Colorado Springs economic growth hits 7-year high in 2017

Downtown Colorado Springs. Photo Credit: oneillbro (iStock).

A hot housing market and a resurgence in manufacturing boosted economic output in the Colorado Springs area by the biggest percentage since 2010, the U.S. Bureau of Economic Analysis said Tuesday.

The 2017 growth rate was slightly behind Denver and somewhat ahead of Boulder but well behind the surging growth of Greeley and Fort Collins, which ranked sixth and 13th, respectively, among the nation’s 383 metropolitan areas. Denver ranked 47th, and Colorado Springs ranked 58th behind top-ranked and oil-rich Odessa, Texas, which grew 12.1 percent from 2016.

Colorado Springs area’s output, which the federal agency calls gross domestic product, rose 5 percent from 2016 to $32.7 billion, up from a 3.5 percent growth rate in 2016 and the biggest annual gain since a major troop buildup at Fort Carson helped to push growth to 5.5 percent in 2010. The 3.5 percent rate for 2016 first was reported at 5.4 percent but was revised downward as more information became available.

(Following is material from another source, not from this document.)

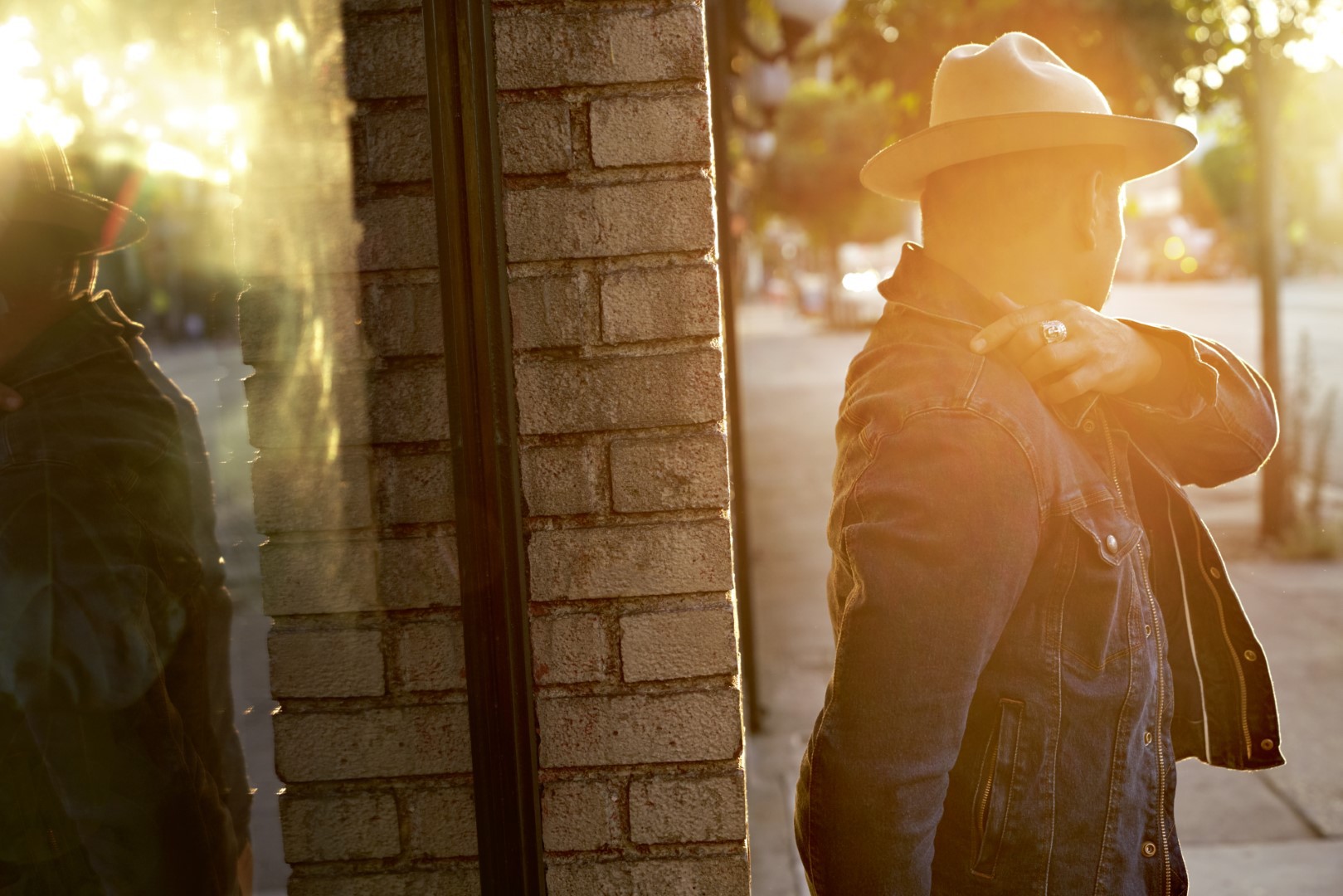 kolekce-bmw-motorrad-collection-2020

“Growth has really taken off in Colorado Springs in the last few years. A lot of what we were seeing earlier across the state is now happening in Colorado Springs, including lower unemployment, faster job growth and people returning to the job market. We have come a very long way in a short period,” said Tatiana Bailey, director of the Economic Forum at the University of Colorado at Colorado Springs.

When the output numbers are adjusted for inflation and population growth, the 1.5 percent gain matched the 1.5 percent gain in 2009 as the biggest since before the most recent recession. The area’s real output per person — the most accurate picture of economic growth — was the highest since 2013 at $39,905 but remains 5.8 percent below the peak level reached in 2005.

More than a third of the area’s economic growth came from the finance and real estate sector, which grew 6.7 percent to $5.02 billion, and from durable goods manufacturing, which surged 21.4 percent to $1.56 billion. Other major contributors included professional and business services, construction and health care. The information sector was the only major part of the economy to decline — by 10.5 percent.

Detailed data on the manufacturing sector wasn’t available from the agency. But Tom Binnings, a senior partner in Summit Economics, a local research and consulting firm, speculated that the big manufacturing gain might have been fueled in part by the expansion of Sierra Nevada Corp. at the Colorado Springs Airport, where the company uses two hangars — a third is under construction — to modify structural, avionics, sensors and other components on aircraft under several Department of Defense contracts to support the global war on terror.

“The best news here is that the local economy is diversifying away from (relying on) the military,” Binning said. “There has been real (inflation-adjusted) growth in excess of 1 percent every year for the past 15 years, even with a big decline in manufacturing, which has been more than offset by gains in services.”

Economic growth in the nation’s metro areas increased 2.1 percent last year, up from 1.6 percent in 2016. Economic output is the value of goods and services generated in a local economy and is calculated by the Bureau of Economic Analysis for all 50 states and 383 metro areas. The bureau calculates the output data by adding output from all industries in a metro area.